We'll have to wait for further case decisions to come down the pike to see how this plays out. But the betting here is that, in the absence of circumstances such as were present in Third Eye Blind--where there were both a business manager and a broker alleged to have represented themselves as experts in an industry, where there was a policy endorsement that clearly should have set off alarm bells regarding potential coverage issues for a self-proclaimed expert, and where it was alleged that these issues were never raised with the insured--this does not necessarily presage a floodgate of successful claims by insured seeking to recover attorneys fees they incur in coverage actions from their brokers for allegedly failing to mention a potential coverage issue or additional insurance that could be purchased to obviate the issue.

This precedent is likely to spawn similar claims, nonetheless. And the danger is that more and more, as coverage litigations come about, agents and brokers will be dragged into the litigation, even if the coverage procured is ultimately found to actually provide the coverage requested.

Peter J. Biging, Esq. is a partner in the New York office of Lewis Brisbois Bisgaard & Smith LLP. He can be reached at [email protected]


Flag: Coverage Defenses

Agents and brokers have a variety of defenses available to them in defending against claims that they were negligent in their efforts to procure coverage. They typically include defenses centered on:

o The question of whether a contract to procure actually existed.

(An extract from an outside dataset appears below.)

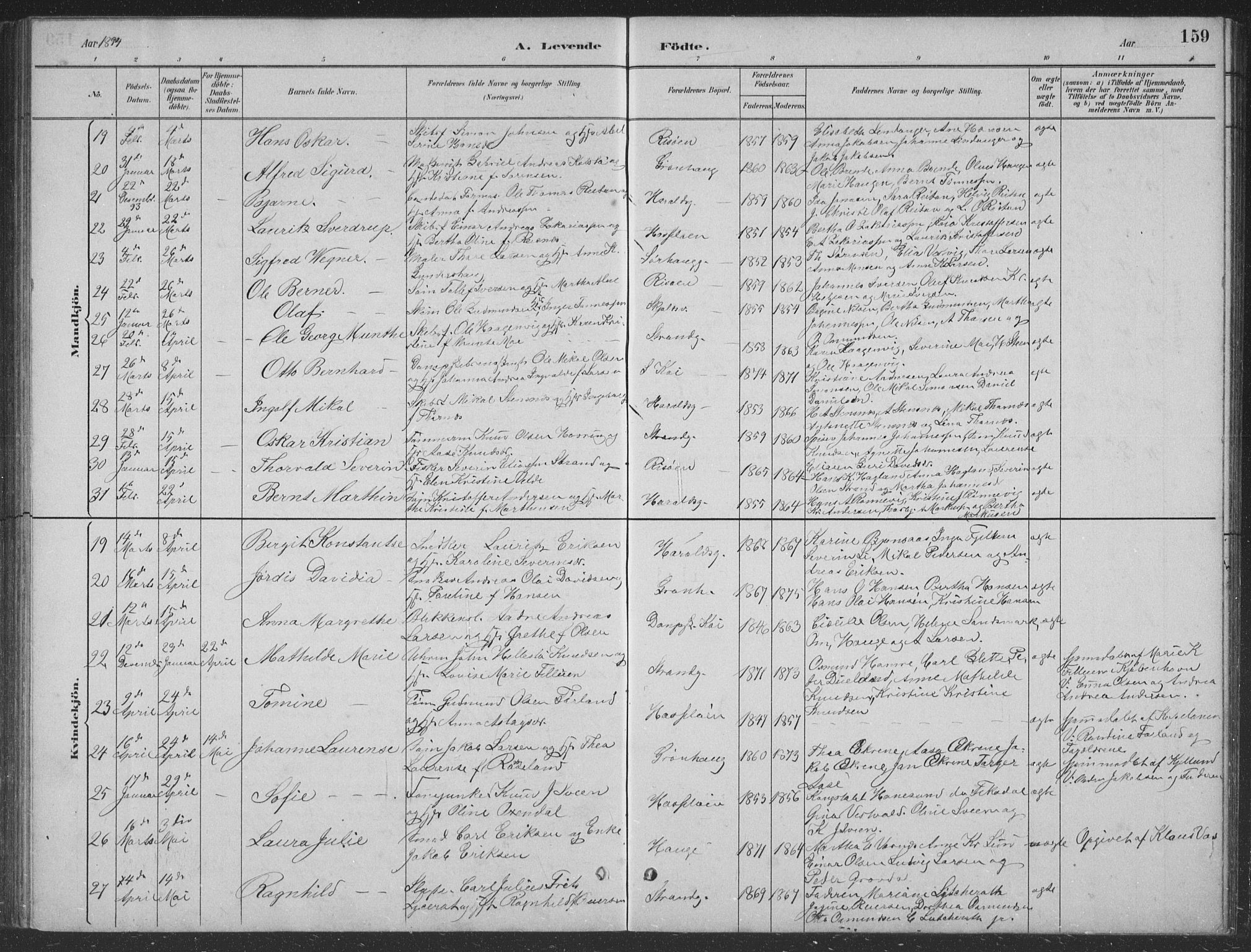 Haugesund sokneprestkontor, SAST/A -101863/H/Ha/Hab/L0002: Parish register (copy) no. B 2, 1881-1894, p. 159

Was sufficient information provided to permit the agent/broker to set upon the task of procuring coverage?

o The question of whether the claim is barred by the applicable statute of limitations.

o The question of whether there is contributory negligence of the insured

o The question of whether the claim would not be covered--or would be excluded--for reasons having nothing to do with negligent conduct of the agent/broker in procuring the coverage.

For example, a claim might not be covered because the loss did not constitute a covered "occurrence" under the policy, or because of a misrepresentation made in the policy application.

Art Caption:

Dissonant Chord.While an appellate court ruling about a rock band's coverage hit a sour note for insurance agents and brokers, a flood of successful "negligent advice" claims isn't seen as the likely outcome of the recent ruling.